In the event, the overwhelming majority of the party and its voters have accepted the deal, with the first subsequent public opinion polls showing LibDem support down three percentage points at 21% of electors in Great Britain and backing for Labour up by a similar amount. If that's to be believed, perhaps a million of the nearly 30 million who voted on May 6 would have switched from LibDem to Labour rather than vote for a future Conservative ally in government, enough probably to make a Labour-LibDem coalition the likely government. But had that been the outcome, others would now doubtless be registering their displeasure by shifting their allegiance from LibDem to Tory - perhaps in sufficient numbers to give the latter a Commons majority - so any alternative scenario is little more than speculation.

This isn't the first time Liberals and Conservatives have shared government office: there were coalitions (mostly incorporating at least some Labour elements) in 1915-22 and 1931-45 (with mainstream Liberals in opposition in 1933-40), and then Prime Minister David Lloyd George in 1920 went so far as to plan Conservative fusion with his wing of a divided Liberal Party, a scheme that fell through partly because of Liberal distaste for its anti-Labour implications.

British political Liberalism has always straddled two ideological tendencies: economic liberalism with its emphasis on individual rights and free markets; and the social liberalism that has dominated the party since the 1950s, with its embrace of public intervention as a means to extend opportunities to exercise the freedom which the party advocates. To maximise liberty that may in effect be available only to some, or to seek to extend opportunity for its enjoyment to all? That is the liberal intellectual dilemma.

The growth of social liberalism extends far beyond Liberal Democrats' identification in recent decades as a party of the centre-left. Gladstone's party provided an umbrella for labour representation in Parliament (the "Lib-Labs") from the 1880s. Unemployment benefits and old-age pensions were an innovation of the last wholly Liberal government a century ago. The comprehensive modern welfare system was the brainchild of the Liberal economist and social reformer William Beveridge rather than of the Labour Party on which its shortcomings are often blamed.

Attempts to reverse such leftward drift likewise predate 2004's "Orange Book" with its advocacy of a more pro-market agenda for the party. In the late 1940s and early 1950s a libertarian fringe managed to influence party policy in a rightward direction, many later drifting toward the Conservatives.

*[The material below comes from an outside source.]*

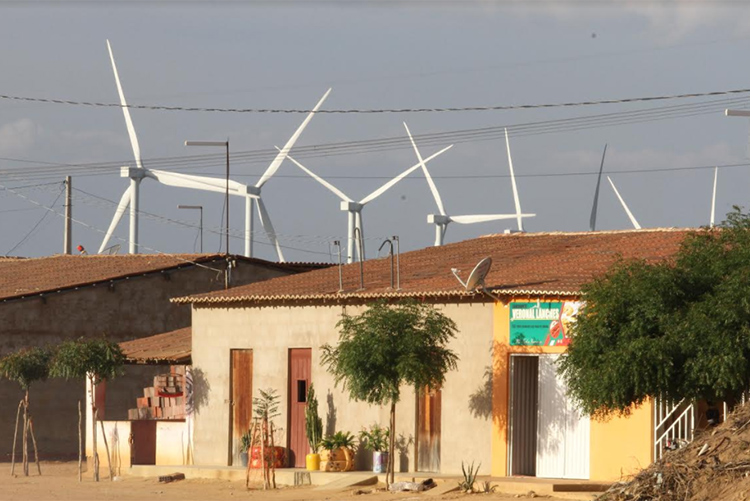 O contraste das casas simples com as imensas torres aerogeradoras de energia eólica na Serra do Inácio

The former wing of the party which had under Sir John Simon remained in government with the Conservatives after 1933 itself went on to join the latter party, though its breach with the Liberal mainstream was over its acceptance of protectionism, contrary to classical Liberal tenets.

In recent decades the party has continued to lean to the left on a range of social policy issues while striving to emphasise its separateness from Labour. But on some issues such as reducing the role of central government or limiting regulation of business, the present party leadership is closer to Conservative tenets, and it's significant that of the five LibDem Cabinet ministers appointed to the new government, four were "Orange Book" contributors.

Where does that leave Liberal Democrats in future? The partnership with the Conservatives is likely to run its full five-year course. The coalition deal has already strained relations with Labour, with each side accusing the other of insincerity in wanting to arrive at a satisfactory policy compromise. If, as seems likely, the new government faces voter antipathy for its promised spending cuts, the LibDems could bear the brunt of an electoral setback in 2015. Electoral reform may bring them more seats, but Labour remains well placed to gain a substantial share of their vote while there is likely to be little net transfer between Conservative and LibDem.

Can LibDems head off such a loss of the support painstakingly rebuilt since the election disappintments of 1992-2001? Perhaps, but to do so they may have to reverse their recent drift from social to economic liberalism, a particularly delicate manoeuvre given their government pact with the party whose own strident advocacy of private-sector models pioneered the ascendancy of the market perspective in UK politics. If they can achieve the difficult balance between a progressive social agenda and co-operation with a party still widely considered suspect in the social reform arena, they may yet enjoy at least a taste of the best of both worlds.